Dexamethasone significantly decreased SMAD3 and SMAD7, and increased ACTA2 mRNA in our cell line. Previous reports suggested that GR inhibited TGF-β signaling by directly targeting the transcriptional activation function of SMAD3,¹⁹ consistent with our data. Our laboratory and others identified SMAD3 as a principle mediator of fibrotic VF wound healing due to its role in TGF-β1 signaling, which in turn regulates numerous fibroblast activities including migration, proliferation, and production of extracellular matrix.^{9,20,21,22,23} Clearly, these data suggest that DM has anti-fibrotic effects. However, SMAD7, a homolog and competitive inhibitor of SMAD3, was also downregulated. SMAD7 downregulation in response to DM was both contradictory to our hypothesis and conceptually interesting. One possible explanation is that this response may be a component of a feedback loop for SMAD3 downregulation.

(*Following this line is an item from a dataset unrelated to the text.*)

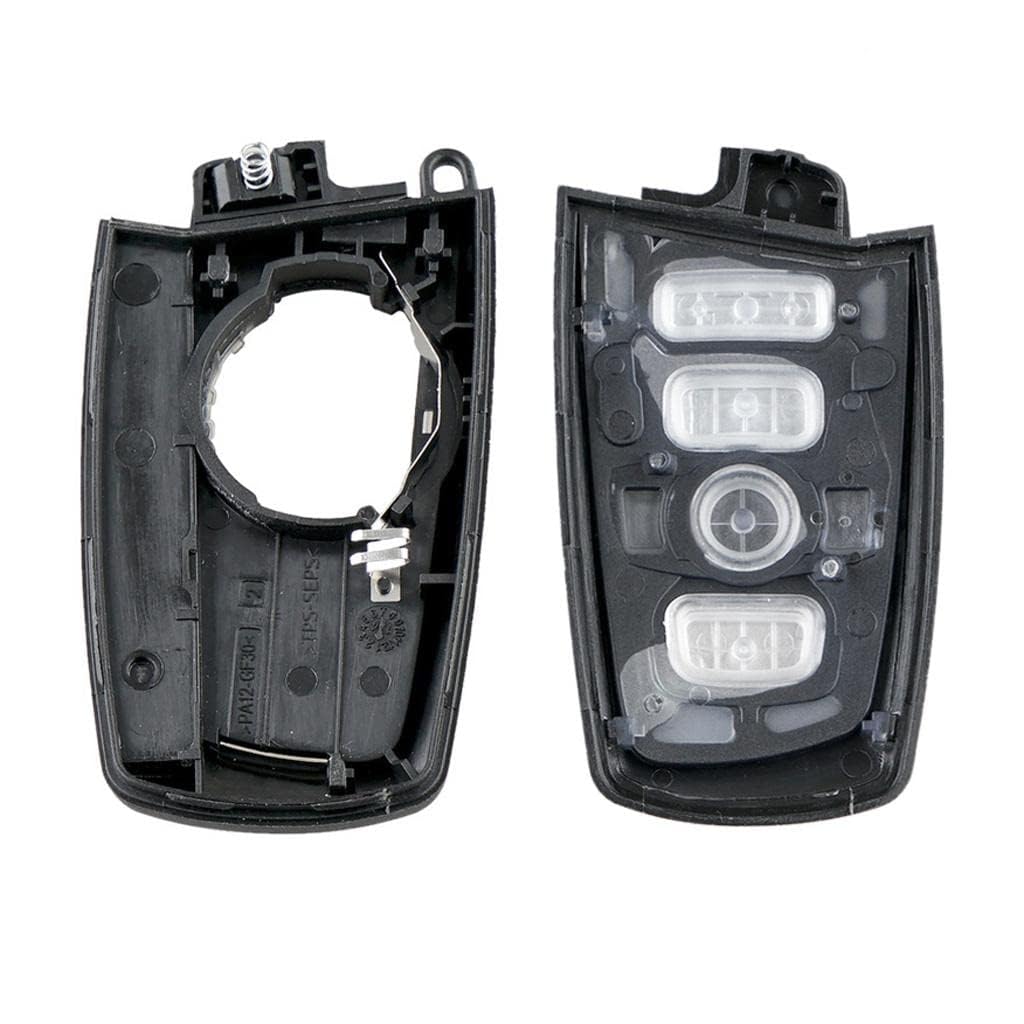 RF REDFOXX Comptiable with 7 Series | Automotive Accessories | Protective Car Key Shell with Compatibility .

Collectively, these responses were negated by RU486, confirming GR dependence. Interestingly, GCs were previously shown to have no effect on SMAD expression in human fetal lung fibroblasts, mouse and rat osteoblastic cells, and human trabecular meshwork cells and tissues^10,11,24,25 suggesting some geographic specificity. In addition, no concentration effect evolved with regard to DM exposure on our cells. Unfortunately, these data provide little insight regarding relevant concentrations for clinical use and this issue warrants further investigation. DM did not decrease Col1A1 mRNA in human VFFs which is contradictory to our previous work regarding the effects DM on collagen secretion.¹⁴ This discrepancy, however, is actually consistent with data from other cells.²⁶ The mechanism was thought to be lysosome-mediated autophagy induced degradation of COL1A1 protein abundance by cortisol. These phenomena warrant further investigation.

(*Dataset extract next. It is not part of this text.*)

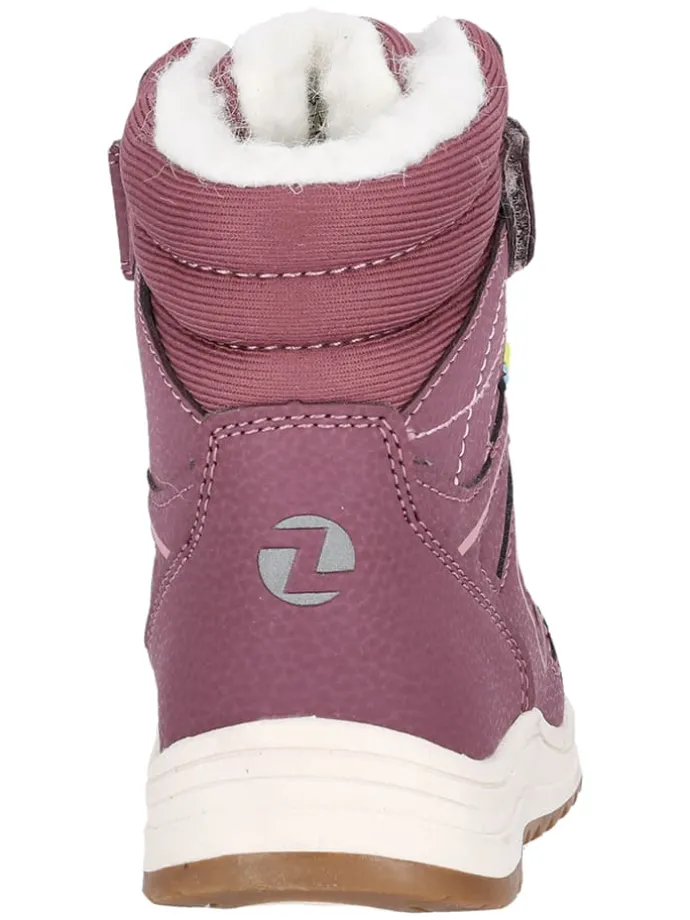 Winterboots "Rincet" in Violett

In addition, DM increased ACTA2 mRNA and the ratio of ACTA2 positive cells in our cell line, suggesting DM synergized with TGF-β1 to induce fibroblast-myofibroblast differentiation consistent with data from human fetal lung fibroblasts.²⁷ These data are wholly contrary to our overarching hypothesis, and may underlie suboptimal outcomes with DM treatment in the clinical mileu. For example, no differences were reported between steroid-injected and control groups after vocal fold surgery.²⁸ Furthermore, prior data did not support the use of DM to prevent pulmonary fibrosis and the authors speculated that DM actually enhanced the fibrotic response.^27,29 GCs also adversely affected patient prognosis in idiopathic pulmonary fibrosis.^30–34 In addition, with regard to mechanism, previous work suggested that prednisolone suppressed lung inflammatory edema, but failed to suppress pulmonary fibrosis.³⁴ These results suggest that GCs may be effectively limit the acute inflammatory response following vocal fold injury, but less ideal for more chronic vocal fold fibrosis. Clearly, the timing of GC administration may be of critical importance in order effectuate therapeutic efficacy; further investigation in this regard is warranted. Furthermore, the current study is not without limitation. As noted previously, GCs are a vast category of compounds with diverse pharmakokinetic profiles. The current study included only DM as it appears to hold the highest therapeutic (e.g., half-life, anti-inflammatory potential, etc.). It is unclear if these effects are consistent across GCs. With the evolution GC use in laryngology, further investigation is fundamental to optimal therapeutics.

CONCLUSION

DM regulated TGF-β1 signaling via altered SMAD3 and SMAD7 expression. This response was associated with altered GR phosphorylation. These findings provide preliminary insight regarding the mechanisms of steroidal effects on vocal fold injury, with the goal of enhanced therapeutic strategies for these challenging patients.